Die Regelungen im vierten Titel der Verfassung des Kantons Freiburg enthalten keine bundesrechtswidrigen Bestimmungen, auch wenn mehrere der aufgeführten Aufgabenbereiche sich mit Bundeskompetenzen überschneiden, beispielsweise im Bereich des Umweltschutzes (Art. 71). Auch in Bereichen, in denen der Bund legiferiert hat, verbleiben den Kantonen wichtige Vollzugsaufgaben und Restkompetenzen; die Erwähnung dieser Aufgaben lässt sich daher auch mit der Informationsfunktion begründen. Was die kantonalen Kompetenzen betrifft, so hat sich der Verfassungsgeber entschieden, auf Verfassungsebene einige Aufgaben festzulegen, beispielsweise den Schutz der Familien in ihrer
Vielfalt (Art. 59 Abs. 1) oder die Förderung der Erwachsenenbildung (Art. 66).

Die Verfassung des Kantons Freiburg enthält im Weiteren eine allgemeine Bestimmung über die Staatsziele (Art. 3), in der unterschiedliche Anliegen erfasst werden, so die Anerkennung und Unterstützung der Familien als Grundgemeinschaften der Gesellschaft (Abs. 1 Bst. b), Gerechtigkeit (Abs. 1 Bst. d) und kantonaler Zusammenhalt unter Achtung der kulturellen Vielfalt (Abs. 1 Bst. f). Eine solche Bestimmung beschränkt sich darauf, dem Kanton Leitlinien bei der Ausgestaltung der 412

politischen Tätigkeit zu geben. Die Prüfung der Bundesrechtmässigkeit dieser Bestimmungen ­ die nach den gleichen Regeln erfolgt wie die Überprüfung der kantonalen Grundrechte (vgl. Ziff. 3.5.3) oder der kantonalen öffentlichen Aufgaben ­ hat ergeben, dass diese bundesrechtskonform sind.

3.5.5

Behördenorganisation und Verfahren

Die Bestimmungen über Zusammensetzung, Zuständigkeiten und Organisation der kantonalen und der kommunalen Behörden sowie die für ihre Tätigkeit vorgesehenen Verfahren tragen den Erfordernissen des Bundesrechts ausreichend Rechnung.

Die für die Besetzung von Behördenstellen geltenden Wählbarkeitsvoraussetzungen sind in der Verfassung vorgesehen (Art. 86 und 39 Abs. 1).

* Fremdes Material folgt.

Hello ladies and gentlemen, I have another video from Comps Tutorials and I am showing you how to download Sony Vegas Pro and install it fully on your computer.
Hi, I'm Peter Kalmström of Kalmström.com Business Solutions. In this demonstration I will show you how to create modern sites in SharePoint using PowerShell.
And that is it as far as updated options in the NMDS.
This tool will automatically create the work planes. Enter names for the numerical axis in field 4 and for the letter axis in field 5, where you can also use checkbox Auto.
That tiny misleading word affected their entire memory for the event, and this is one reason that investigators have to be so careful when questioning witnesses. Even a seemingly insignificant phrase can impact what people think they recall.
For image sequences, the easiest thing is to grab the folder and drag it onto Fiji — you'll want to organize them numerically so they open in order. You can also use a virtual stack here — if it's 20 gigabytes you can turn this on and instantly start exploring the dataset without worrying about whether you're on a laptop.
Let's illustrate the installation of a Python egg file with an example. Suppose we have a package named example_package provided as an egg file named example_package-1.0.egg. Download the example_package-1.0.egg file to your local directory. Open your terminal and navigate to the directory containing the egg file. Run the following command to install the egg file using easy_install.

Der Grundsatz der Gewaltenteilung ist in Artikel 85 ausdrücklich verankert und wird durch die Bestimmungen über die Unvereinbarkeit (Art. 87) sowie durch die Kompetenzaufteilung zwischen Grossem Rat, Staatsrat und richterlichen Behörden (Art. 99 ff., 110 ff. und 123 ff.) umgesetzt.

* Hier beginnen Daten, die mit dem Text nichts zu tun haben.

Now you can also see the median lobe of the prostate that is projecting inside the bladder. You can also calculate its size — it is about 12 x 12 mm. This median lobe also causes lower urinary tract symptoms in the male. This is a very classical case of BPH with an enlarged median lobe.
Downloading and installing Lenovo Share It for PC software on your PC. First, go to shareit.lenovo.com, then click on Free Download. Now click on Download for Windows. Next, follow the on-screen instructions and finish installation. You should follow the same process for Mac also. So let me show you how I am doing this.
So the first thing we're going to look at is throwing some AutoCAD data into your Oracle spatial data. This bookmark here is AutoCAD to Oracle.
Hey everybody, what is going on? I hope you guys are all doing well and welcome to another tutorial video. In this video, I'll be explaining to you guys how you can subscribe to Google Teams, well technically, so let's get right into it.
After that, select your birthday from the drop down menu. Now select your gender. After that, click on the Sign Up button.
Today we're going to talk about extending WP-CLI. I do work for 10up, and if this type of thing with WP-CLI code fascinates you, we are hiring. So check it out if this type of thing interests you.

Die neue Verfassung des Kantons Freiburg reduziert die Zahl der Mitglieder des Grossen Rates von bisher 130 auf 110 (Art. 95 Abs. 1). Sie verpflichtet den Staatsrat, eine unabhängige Ombudsstelle für Verwaltungsangelegenheiten einzurichten (Art. 119).

Der Bereich der Justiz erfährt eine grundlegende Neuordnung. Die beiden höchsten Gerichte, das Kantonsgericht und das Verwaltungsgericht, werden zusammengelegt (Art. 123 Abs. 3 und 124 Abs.1). Ausserdem wird ein Justizrat eingeführt, der die Aufsicht über alle gerichtlichen Behörden, das Kantonsgericht eingeschlossen, ausübt sowie bei Wahlen eine Begutachtung der Bewerberinnen und Bewerber vornimmt (Art. 125­128). Schliesslich ist darauf hinzuweisen, dass die Richterinnen und Richter zur Stärkung ihrer Unabhängigkeit auf unbestimmte Dauer gewählt werden (Art. 121 Abs. 2).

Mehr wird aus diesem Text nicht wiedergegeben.